#### YOUR TASK:
Go to the line that contains "Porträt der lächelnde" and transcribe from there to the end of the entries, that line and the last one included.

━━ THE DATA ━━

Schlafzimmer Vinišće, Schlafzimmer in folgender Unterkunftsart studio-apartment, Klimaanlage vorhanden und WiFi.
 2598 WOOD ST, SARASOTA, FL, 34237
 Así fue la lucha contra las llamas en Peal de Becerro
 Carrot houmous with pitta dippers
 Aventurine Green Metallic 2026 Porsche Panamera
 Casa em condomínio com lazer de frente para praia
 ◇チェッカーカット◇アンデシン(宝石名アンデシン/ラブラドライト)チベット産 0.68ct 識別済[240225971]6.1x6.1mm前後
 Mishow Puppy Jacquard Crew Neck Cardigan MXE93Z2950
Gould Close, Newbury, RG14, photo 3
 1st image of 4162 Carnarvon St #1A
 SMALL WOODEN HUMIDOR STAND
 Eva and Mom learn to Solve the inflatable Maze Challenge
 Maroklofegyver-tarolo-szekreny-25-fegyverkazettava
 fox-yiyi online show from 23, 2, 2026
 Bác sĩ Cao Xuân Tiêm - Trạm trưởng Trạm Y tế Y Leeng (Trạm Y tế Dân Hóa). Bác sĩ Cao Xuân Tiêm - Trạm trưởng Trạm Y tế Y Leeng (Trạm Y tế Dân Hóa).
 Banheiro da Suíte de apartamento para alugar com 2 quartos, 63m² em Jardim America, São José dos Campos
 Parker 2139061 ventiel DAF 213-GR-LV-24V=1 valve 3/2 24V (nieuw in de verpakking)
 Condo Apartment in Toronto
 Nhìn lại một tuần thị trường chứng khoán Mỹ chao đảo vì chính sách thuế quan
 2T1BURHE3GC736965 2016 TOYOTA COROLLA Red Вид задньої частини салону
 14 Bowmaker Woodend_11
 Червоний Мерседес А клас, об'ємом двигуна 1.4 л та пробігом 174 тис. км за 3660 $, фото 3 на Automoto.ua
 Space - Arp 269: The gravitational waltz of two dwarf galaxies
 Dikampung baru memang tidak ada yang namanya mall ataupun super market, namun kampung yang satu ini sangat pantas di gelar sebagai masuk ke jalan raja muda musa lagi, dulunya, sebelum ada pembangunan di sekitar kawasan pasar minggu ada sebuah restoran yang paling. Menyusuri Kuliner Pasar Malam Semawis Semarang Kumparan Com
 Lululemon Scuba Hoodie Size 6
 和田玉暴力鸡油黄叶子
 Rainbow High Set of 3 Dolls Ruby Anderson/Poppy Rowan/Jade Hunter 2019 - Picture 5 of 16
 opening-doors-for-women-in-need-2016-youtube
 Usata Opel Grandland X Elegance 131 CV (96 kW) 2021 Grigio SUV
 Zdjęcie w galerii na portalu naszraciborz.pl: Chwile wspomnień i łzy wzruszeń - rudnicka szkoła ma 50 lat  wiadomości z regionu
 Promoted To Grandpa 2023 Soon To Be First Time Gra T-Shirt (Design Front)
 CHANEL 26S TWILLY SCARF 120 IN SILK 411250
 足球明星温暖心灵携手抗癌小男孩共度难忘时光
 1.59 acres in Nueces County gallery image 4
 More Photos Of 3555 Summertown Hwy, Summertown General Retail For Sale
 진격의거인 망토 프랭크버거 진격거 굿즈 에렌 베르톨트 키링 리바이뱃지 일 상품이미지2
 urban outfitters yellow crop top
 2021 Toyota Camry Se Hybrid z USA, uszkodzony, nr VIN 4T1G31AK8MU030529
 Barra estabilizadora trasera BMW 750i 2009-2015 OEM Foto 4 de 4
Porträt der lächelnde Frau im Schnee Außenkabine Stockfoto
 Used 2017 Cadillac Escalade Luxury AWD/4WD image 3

━━━

#### EXERCISE OUTPUT:
Porträt der lächelnde Frau im Schnee Außenkabine Stockfoto
 Used 2017 Cadillac Escalade Luxury AWD/4WD image 3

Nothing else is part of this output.